Press Release

DBRS Morningstar Confirms Ratings on CES Energy Solutions Corp. at B (high) with Stable Trends

Energy
December 10, 2019

DBRS Limited (DBRS Morningstar) confirmed the Issuer Rating and Senior Unsecured Notes (the Senior Notes) rating on CES Energy Solutions Corp. (CES or the Company) at B (high). All trends remain Stable and the recovery rating on the Notes remains at RR4. CES’s leading market position in Canada and its growing market position in the United States; continued growth in its more stable production and specialty chemical (PSC) segment; and robust credit metrics for the current ratings underpin the rating confirmation. The Stable trends reflect DBRS Morningstar’s view that CES’s key credit metrics will continue to support the ratings over the next 12 months.

The North American oilfield services segment faced a challenging operating environment in 2019. Market-access issues caused declining activity levels in Canada while oil and gas (O&G) producers in the U.S. have also cut back on capital expenditures (capex) in Q3 2019 as they focus on operating within cash flow. However, CES increased market share at its U.S. PSC and drilling fluid (DF) businesses and, while declining activity levels negatively affected its Canadian DF business, the Company’s relatively more stable PSC business in Canada gained market share. The Company also rationalized its cost structure, especially at its Canadian business. Consequently, CES generated similar operating cash flow (OCF) during the first nine months (9M) of 2019 as in 9M 2018, despite relatively flat service pricing and inflated input costs. The Company completed major expansion projects in 2018 and reduced working capital which, coupled with materially lower capex, allowed CES to generate a significant cash flow surplus. The Company used most of this surplus to reduce debt, which improved its key credit metrics.
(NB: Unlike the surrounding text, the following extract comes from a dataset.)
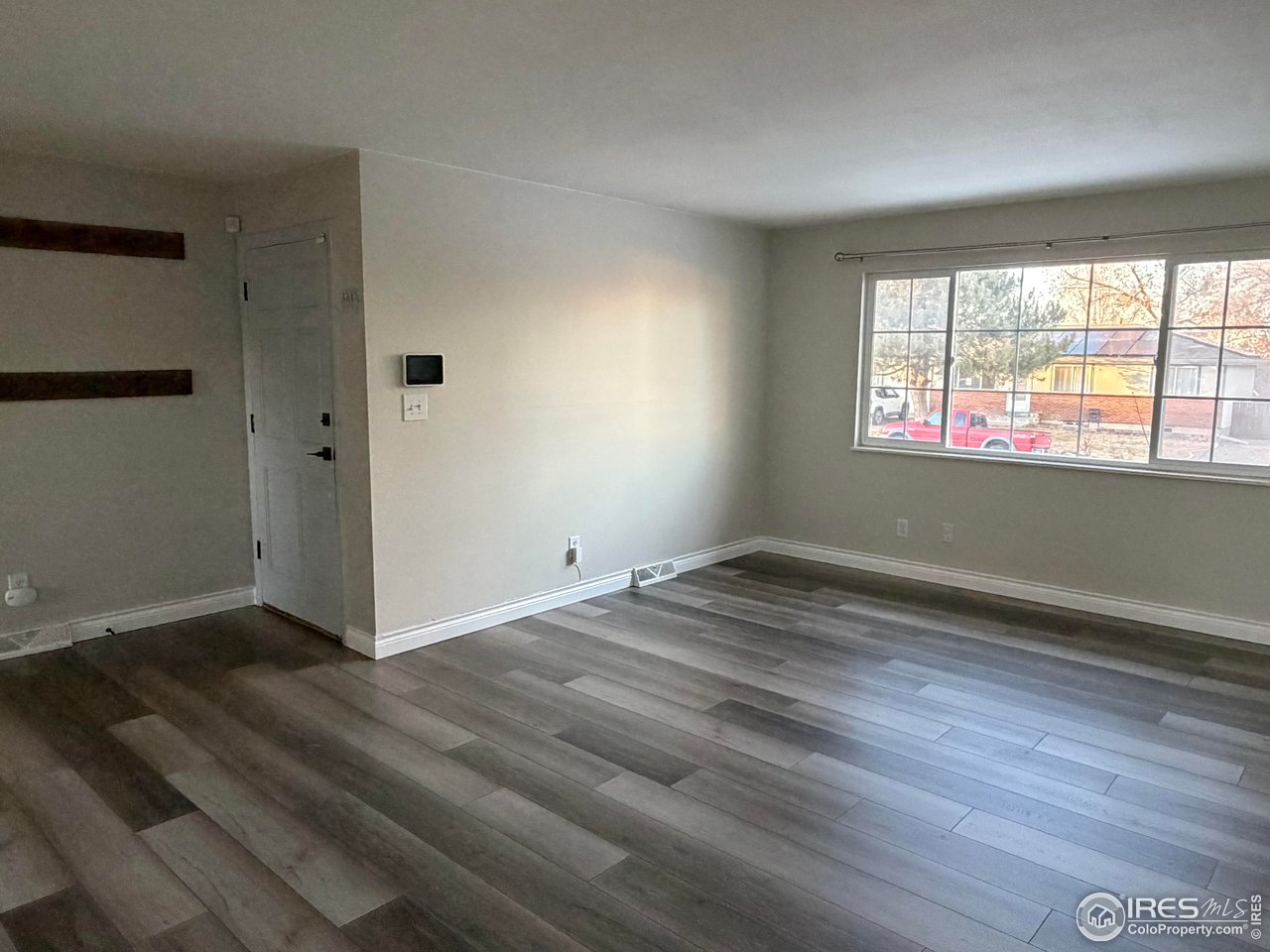 2814 West 22nd Street Road Greeley, CO 80634 - Photo 9 of 27 Living room with large window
DBRS Morningstar expects CES’s operating environment to remain challenging in 2020. DBRS Morningstar’s 2020 outlook for activity levels in Canada remains weak as O&G producers will likely not increase capital spending without greater clarity on market-access issues. DBRS Morningstar also expects O&G producers in the U.S. to exercise more capital discipline in 2020 and anticipates that lower activity levels and relatively flat service pricing will result in a marginal OCF reduction. However, the Company’s relatively low capex should allow it to generate a cash flow surplus. DBRS Morningstar expects CES’s key credit metrics to remain supportive of the ratings and notes that the Company’s overall financial risk profile improved over the last year with adequate headroom to withstand short-term weakness in activity levels.
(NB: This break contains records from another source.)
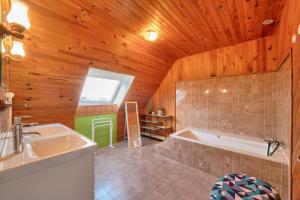 a bathroom with a tub and a sink at Maison pour 6 avec grand jardin - proche centre in Plouguerneau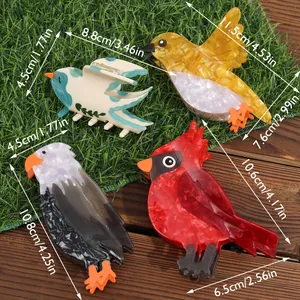Set of four colorful bird-shaped acetate hair claw clips with size dimensions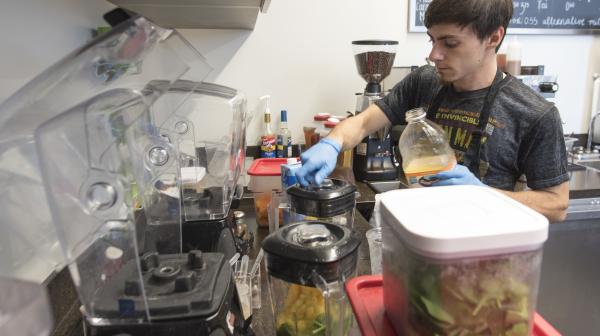 A student works on campus in one of the dining facilities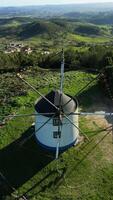 Windmill in Green Serra de Montejunto Mountains. Portugal. Aerial View. Moving Downwards, Tilt Up. Vertical video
DBRS Morningstar deems CES’s liquidity profile to be adequate with sufficient availability of $170.0 million and USD 50.0 million under its revolving credit facilities. DBRS Morningstar notes that, during a slowdown, the Company monetizes its working capital, which typically reduces the draws on the credit facilities and partially offsets the impact of lower cash flow on key credit metrics. While DBRS Morningstar does not expect any further rating action on CES over the next 12 months, DBRS Morningstar may consider a negative rating action if the Company’s key credit metrics deteriorate materially because of a sustained drop in activity levels.

Notes:
All figures are in Canadian dollars unless otherwise noted.

The principal methodologies are Rating Companies in the Oil and Gas and Oilfield Services Industries, DBRS Criteria: Guarantees and Other Forms of Support, DBRS Criteria: Recovery Ratings for Non-Investment Grade Corporate Issuers, and DBRS Morningstar Criteria: Rating Corporate Holding Companies and Parent/Subsidiary Rating Relationships, which can be found on dbrs.com under Methodologies & Criteria.

The related regulatory disclosures pursuant to the National Instrument 25-101 Designated Rating Organizations are hereby incorporated by reference and can be found by clicking on the link under Related Documents or by contacting us at info@dbrs.com.

The rated entity or its related entities did participate in the rating process for this rating action. DBRS Morningstar had access to the accounts and other relevant internal documents of the rated entity or its related entities in connection with this rating action.